Willie Mathieson

Personal information
- Date of birth: 20 July 1943 (age 82)
- Place of birth: Cardenden, Scotland
- Position: Left back

Youth career
- St Andrews United
- 1960–1964: Rangers

Senior career*
- Years: Team / Apps / (Gls)
- 1964–1975: Rangers / 174 / (2)
- 1975–1976: Arbroath / 25 / (3)
- 1976–1977: Raith Rovers / 13 / (0)
- Total:  / 212 / (5)

International career
- 1969: Scottish League XI / 1 / (0)

= Willie Mathieson =

Scottish footballer

Willie Mathieson (born 20 July 1943) is a Scottish former professional footballer who played in the left-back position for Rangers, amongst other clubs. He was included in the Rangers F.C. Hall of Fame on 5 February 2007.

Mathieson trained as an apprentice electrician at Bowhill Colliery, initially joining Rangers part time, then earning less than at the mine when he joined the team full time.

Mathieson spent fifteen seasons at Rangers from 1960 to 1975 and was involved in the club's historic 1972 Cup Winners' Cup winning team. He played in over 300 games for Rangers, including the 1973 Scottish Cup Final winning side.
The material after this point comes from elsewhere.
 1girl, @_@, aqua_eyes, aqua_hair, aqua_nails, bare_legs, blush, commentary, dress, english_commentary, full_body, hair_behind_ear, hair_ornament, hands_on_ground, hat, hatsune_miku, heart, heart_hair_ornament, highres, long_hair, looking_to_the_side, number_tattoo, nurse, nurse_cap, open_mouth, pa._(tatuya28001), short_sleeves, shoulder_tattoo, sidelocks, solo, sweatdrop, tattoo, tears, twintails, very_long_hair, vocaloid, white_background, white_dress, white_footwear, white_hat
Mathieson represented the Scottish League once, in 1969.

He transferred to Arbroath for the 1975–76 season, playing 25 league games (scoring three times) and then moved on to Raith Rovers for a final season (making 13 appearances). After retirement he joined the Berwick Rangers coaching staff, working under former teammate Dave Smith. Berwick won the Second Division championship, which was their first-ever trophy.

Mathieson is now retired and lives in Auchterarder.